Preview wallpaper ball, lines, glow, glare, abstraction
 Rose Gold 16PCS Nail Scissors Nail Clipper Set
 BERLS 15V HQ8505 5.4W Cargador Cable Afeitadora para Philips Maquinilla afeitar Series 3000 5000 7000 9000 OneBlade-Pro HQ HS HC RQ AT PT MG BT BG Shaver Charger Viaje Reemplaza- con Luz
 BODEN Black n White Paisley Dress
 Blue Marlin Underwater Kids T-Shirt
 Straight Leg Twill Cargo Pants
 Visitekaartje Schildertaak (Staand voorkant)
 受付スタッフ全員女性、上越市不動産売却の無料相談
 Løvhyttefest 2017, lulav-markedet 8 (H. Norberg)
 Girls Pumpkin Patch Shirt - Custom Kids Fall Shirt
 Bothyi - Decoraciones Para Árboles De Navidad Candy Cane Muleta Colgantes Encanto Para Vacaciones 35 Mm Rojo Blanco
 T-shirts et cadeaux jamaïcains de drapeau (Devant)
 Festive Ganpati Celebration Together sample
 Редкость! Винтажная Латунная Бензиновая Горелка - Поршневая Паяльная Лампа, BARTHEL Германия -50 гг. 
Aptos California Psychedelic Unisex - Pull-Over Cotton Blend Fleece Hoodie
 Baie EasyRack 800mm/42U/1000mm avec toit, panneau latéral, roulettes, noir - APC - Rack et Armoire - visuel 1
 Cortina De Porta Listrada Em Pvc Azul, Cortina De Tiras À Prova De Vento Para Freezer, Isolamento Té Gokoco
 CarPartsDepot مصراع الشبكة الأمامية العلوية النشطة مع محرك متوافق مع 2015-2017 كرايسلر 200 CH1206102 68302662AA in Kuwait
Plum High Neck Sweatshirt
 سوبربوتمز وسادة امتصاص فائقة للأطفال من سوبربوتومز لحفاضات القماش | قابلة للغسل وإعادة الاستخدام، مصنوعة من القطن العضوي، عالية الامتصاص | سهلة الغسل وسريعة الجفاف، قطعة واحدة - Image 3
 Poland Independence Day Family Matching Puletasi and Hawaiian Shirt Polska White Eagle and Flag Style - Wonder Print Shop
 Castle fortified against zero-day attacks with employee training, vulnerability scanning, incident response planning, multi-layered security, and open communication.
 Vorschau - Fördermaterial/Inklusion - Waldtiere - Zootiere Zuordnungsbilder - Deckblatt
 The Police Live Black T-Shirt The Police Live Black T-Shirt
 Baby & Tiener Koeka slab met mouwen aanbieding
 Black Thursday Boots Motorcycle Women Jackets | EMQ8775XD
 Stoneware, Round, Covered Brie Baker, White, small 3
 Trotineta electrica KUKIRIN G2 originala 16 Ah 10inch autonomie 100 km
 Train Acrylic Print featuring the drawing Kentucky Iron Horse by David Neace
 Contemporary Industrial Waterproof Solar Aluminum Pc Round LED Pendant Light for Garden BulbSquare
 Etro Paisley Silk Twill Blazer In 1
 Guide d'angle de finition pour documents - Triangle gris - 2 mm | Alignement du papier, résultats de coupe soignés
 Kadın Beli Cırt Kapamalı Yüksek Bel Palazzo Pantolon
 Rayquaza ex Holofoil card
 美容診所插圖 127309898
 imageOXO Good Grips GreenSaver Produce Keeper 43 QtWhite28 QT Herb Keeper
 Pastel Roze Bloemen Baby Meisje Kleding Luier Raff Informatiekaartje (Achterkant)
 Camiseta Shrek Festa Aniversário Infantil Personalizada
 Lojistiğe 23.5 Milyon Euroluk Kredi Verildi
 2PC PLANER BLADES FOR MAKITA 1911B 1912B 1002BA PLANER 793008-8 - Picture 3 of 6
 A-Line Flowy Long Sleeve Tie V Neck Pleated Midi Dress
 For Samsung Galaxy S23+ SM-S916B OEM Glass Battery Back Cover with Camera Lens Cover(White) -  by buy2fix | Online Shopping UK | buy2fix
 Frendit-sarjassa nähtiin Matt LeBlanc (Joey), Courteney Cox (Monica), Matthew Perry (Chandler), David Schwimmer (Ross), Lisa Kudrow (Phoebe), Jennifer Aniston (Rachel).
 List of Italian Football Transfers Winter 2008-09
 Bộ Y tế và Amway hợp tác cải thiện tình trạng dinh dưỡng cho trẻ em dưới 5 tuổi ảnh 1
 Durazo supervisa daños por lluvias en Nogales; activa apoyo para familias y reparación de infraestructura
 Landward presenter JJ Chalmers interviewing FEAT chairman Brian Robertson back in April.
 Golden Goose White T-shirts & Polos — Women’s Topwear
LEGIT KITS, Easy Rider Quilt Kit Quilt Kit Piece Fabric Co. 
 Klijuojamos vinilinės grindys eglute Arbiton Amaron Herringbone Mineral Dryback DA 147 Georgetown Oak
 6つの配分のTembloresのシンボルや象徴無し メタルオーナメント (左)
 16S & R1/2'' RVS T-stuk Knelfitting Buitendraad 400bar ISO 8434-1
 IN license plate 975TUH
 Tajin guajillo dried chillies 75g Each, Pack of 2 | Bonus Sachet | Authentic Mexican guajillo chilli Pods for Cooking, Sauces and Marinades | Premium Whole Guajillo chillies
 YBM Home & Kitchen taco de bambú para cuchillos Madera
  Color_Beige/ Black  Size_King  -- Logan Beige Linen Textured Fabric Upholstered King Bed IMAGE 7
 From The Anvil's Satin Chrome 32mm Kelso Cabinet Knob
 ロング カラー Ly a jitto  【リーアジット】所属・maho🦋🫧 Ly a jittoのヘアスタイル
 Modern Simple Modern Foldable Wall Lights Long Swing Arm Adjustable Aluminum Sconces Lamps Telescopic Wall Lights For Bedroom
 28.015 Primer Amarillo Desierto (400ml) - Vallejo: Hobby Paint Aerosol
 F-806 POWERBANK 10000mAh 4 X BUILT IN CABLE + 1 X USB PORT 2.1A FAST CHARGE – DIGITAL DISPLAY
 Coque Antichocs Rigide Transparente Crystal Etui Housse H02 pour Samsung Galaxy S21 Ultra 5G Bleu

####################

## [Your instructions]
The full listing above needs to be transcribed exactly.

## [Answer box]
Preview wallpaper ball, lines, glow, glare, abstraction
 Rose Gold 16PCS Nail Scissors Nail Clipper Set
 BERLS 15V HQ8505 5.4W Cargador Cable Afeitadora para Philips Maquinilla afeitar Series 3000 5000 7000 9000 OneBlade-Pro HQ HS HC RQ AT PT MG BT BG Shaver Charger Viaje Reemplaza- con Luz
 BODEN Black n White Paisley Dress
 Blue Marlin Underwater Kids T-Shirt
 Straight Leg Twill Cargo Pants
 Visitekaartje Schildertaak (Staand voorkant)
 受付スタッフ全員女性、上越市不動産売却の無料相談
 Løvhyttefest 2017, lulav-markedet 8 (H. Norberg)
 Girls Pumpkin Patch Shirt - Custom Kids Fall Shirt
 Bothyi - Decoraciones Para Árboles De Navidad Candy Cane Muleta Colgantes Encanto Para Vacaciones 35 Mm Rojo Blanco
 T-shirts et cadeaux jamaïcains de drapeau (Devant)
 Festive Ganpati Celebration Together sample
 Редкость! Винтажная Латунная Бензиновая Горелка - Поршневая Паяльная Лампа, BARTHEL Германия -50 гг. 
Aptos California Psychedelic Unisex - Pull-Over Cotton Blend Fleece Hoodie
 Baie EasyRack 800mm/42U/1000mm avec toit, panneau latéral, roulettes, noir - APC - Rack et Armoire - visuel 1
 Cortina De Porta Listrada Em Pvc Azul, Cortina De Tiras À Prova De Vento Para Freezer, Isolamento Té Gokoco
 CarPartsDepot مصراع الشبكة الأمامية العلوية النشطة مع محرك متوافق مع 2015-2017 كرايسلر 200 CH1206102 68302662AA in Kuwait
Plum High Neck Sweatshirt
 سوبربوتمز وسادة امتصاص فائقة للأطفال من سوبربوتومز لحفاضات القماش | قابلة للغسل وإعادة الاستخدام، مصنوعة من القطن العضوي، عالية الامتصاص | سهلة الغسل وسريعة الجفاف، قطعة واحدة - Image 3
 Poland Independence Day Family Matching Puletasi and Hawaiian Shirt Polska White Eagle and Flag Style - Wonder Print Shop
 Castle fortified against zero-day attacks with employee training, vulnerability scanning, incident response planning, multi-layered security, and open communication.
 Vorschau - Fördermaterial/Inklusion - Waldtiere - Zootiere Zuordnungsbilder - Deckblatt
 The Police Live Black T-Shirt The Police Live Black T-Shirt
 Baby & Tiener Koeka slab met mouwen aanbieding
 Black Thursday Boots Motorcycle Women Jackets | EMQ8775XD
 Stoneware, Round, Covered Brie Baker, White, small 3
 Trotineta electrica KUKIRIN G2 originala 16 Ah 10inch autonomie 100 km
 Train Acrylic Print featuring the drawing Kentucky Iron Horse by David Neace
 Contemporary Industrial Waterproof Solar Aluminum Pc Round LED Pendant Light for Garden BulbSquare
 Etro Paisley Silk Twill Blazer In 1
 Guide d'angle de finition pour documents - Triangle gris - 2 mm | Alignement du papier, résultats de coupe soignés
 Kadın Beli Cırt Kapamalı Yüksek Bel Palazzo Pantolon
 Rayquaza ex Holofoil card
 美容診所插圖 127309898
 imageOXO Good Grips GreenSaver Produce Keeper 43 QtWhite28 QT Herb Keeper
 Pastel Roze Bloemen Baby Meisje Kleding Luier Raff Informatiekaartje (Achterkant)
 Camiseta Shrek Festa Aniversário Infantil Personalizada
 Lojistiğe 23.5 Milyon Euroluk Kredi Verildi
 2PC PLANER BLADES FOR MAKITA 1911B 1912B 1002BA PLANER 793008-8 - Picture 3 of 6
 A-Line Flowy Long Sleeve Tie V Neck Pleated Midi Dress
 For Samsung Galaxy S23+ SM-S916B OEM Glass Battery Back Cover with Camera Lens Cover(White) -  by buy2fix | Online Shopping UK | buy2fix
 Frendit-sarjassa nähtiin Matt LeBlanc (Joey), Courteney Cox (Monica), Matthew Perry (Chandler), David Schwimmer (Ross), Lisa Kudrow (Phoebe), Jennifer Aniston (Rachel).
 List of Italian Football Transfers Winter 2008-09
 Bộ Y tế và Amway hợp tác cải thiện tình trạng dinh dưỡng cho trẻ em dưới 5 tuổi ảnh 1
 Durazo supervisa daños por lluvias en Nogales; activa apoyo para familias y reparación de infraestructura
 Landward presenter JJ Chalmers interviewing FEAT chairman Brian Robertson back in April.
 Golden Goose White T-shirts & Polos — Women’s Topwear
LEGIT KITS, Easy Rider Quilt Kit Quilt Kit Piece Fabric Co. 
 Klijuojamos vinilinės grindys eglute Arbiton Amaron Herringbone Mineral Dryback DA 147 Georgetown Oak
 6つの配分のTembloresのシンボルや象徴無し メタルオーナメント (左)
 16S & R1/2'' RVS T-stuk Knelfitting Buitendraad 400bar ISO 8434-1
 IN license plate 975TUH
 Tajin guajillo dried chillies 75g Each, Pack of 2 | Bonus Sachet | Authentic Mexican guajillo chilli Pods for Cooking, Sauces and Marinades | Premium Whole Guajillo chillies
 YBM Home & Kitchen taco de bambú para cuchillos Madera
  Color_Beige/ Black  Size_King  -- Logan Beige Linen Textured Fabric Upholstered King Bed IMAGE 7
 From The Anvil's Satin Chrome 32mm Kelso Cabinet Knob
 ロング カラー Ly a jitto  【リーアジット】所属・maho🦋🫧 Ly a jittoのヘアスタイル
 Modern Simple Modern Foldable Wall Lights Long Swing Arm Adjustable Aluminum Sconces Lamps Telescopic Wall Lights For Bedroom
 28.015 Primer Amarillo Desierto (400ml) - Vallejo: Hobby Paint Aerosol
 F-806 POWERBANK 10000mAh 4 X BUILT IN CABLE + 1 X USB PORT 2.1A FAST CHARGE – DIGITAL DISPLAY
 Coque Antichocs Rigide Transparente Crystal Etui Housse H02 pour Samsung Galaxy S21 Ultra 5G Bleu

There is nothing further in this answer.